Work required -
Pictures in the entries below are excluded; copy only the lines from the one containing "Coolum Beach Hotel" to the one containing "Jordan Brand ×", both included.

Data extracts -
/---
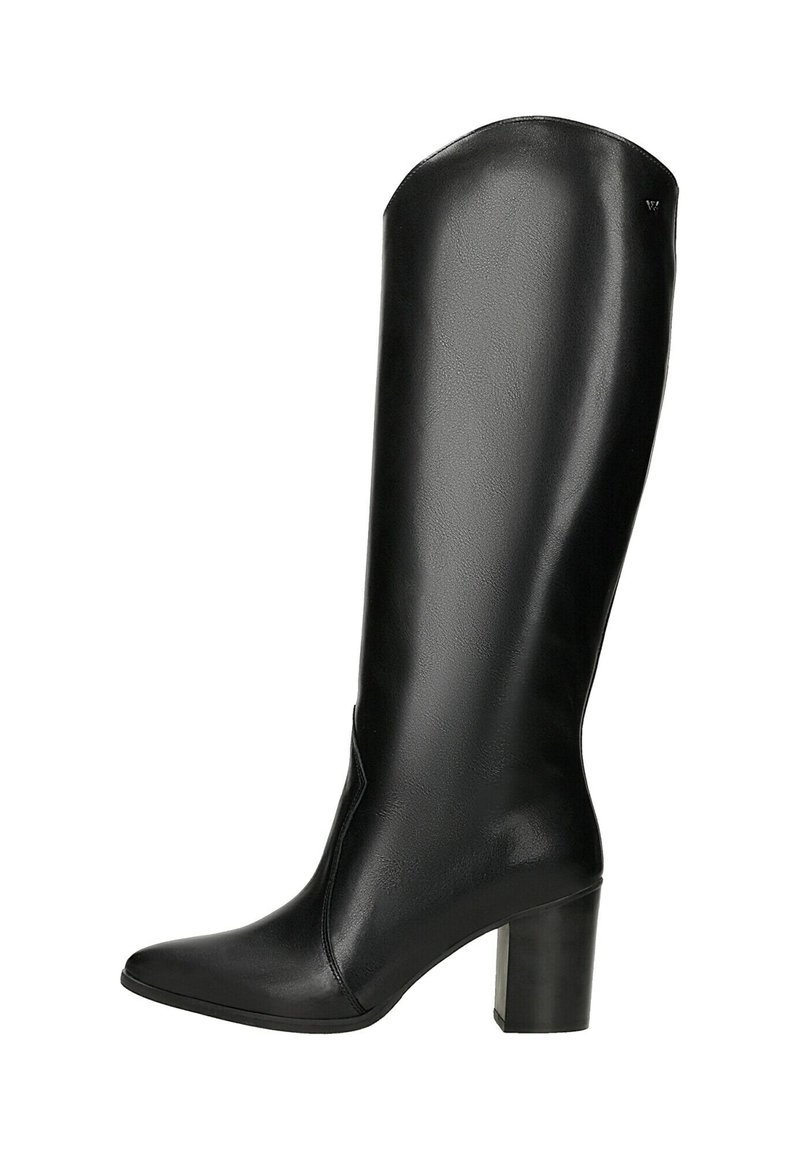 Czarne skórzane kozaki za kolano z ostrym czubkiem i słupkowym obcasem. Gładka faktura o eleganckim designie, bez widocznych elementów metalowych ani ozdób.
\---
/---
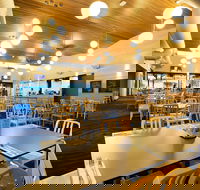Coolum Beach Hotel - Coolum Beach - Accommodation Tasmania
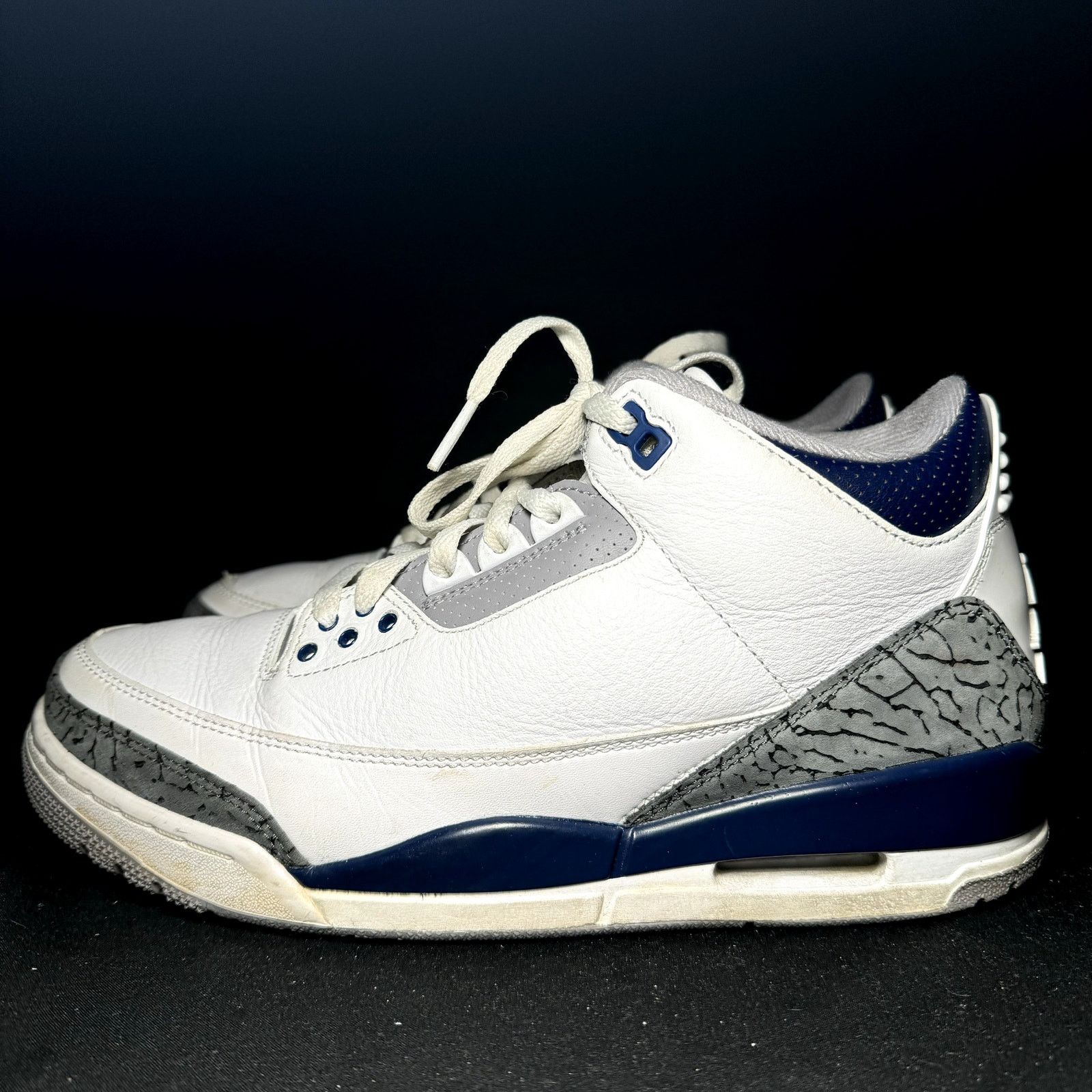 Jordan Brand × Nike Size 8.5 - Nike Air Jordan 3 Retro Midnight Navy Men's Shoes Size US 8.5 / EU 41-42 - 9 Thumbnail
\---
Task answer -
Coolum Beach Hotel - Coolum Beach - Accommodation Tasmania
 Jordan Brand × Nike Size 8.5 - Nike Air Jordan 3 Retro Midnight Navy Men's Shoes Size US 8.5 / EU 41-42 - 9 Thumbnail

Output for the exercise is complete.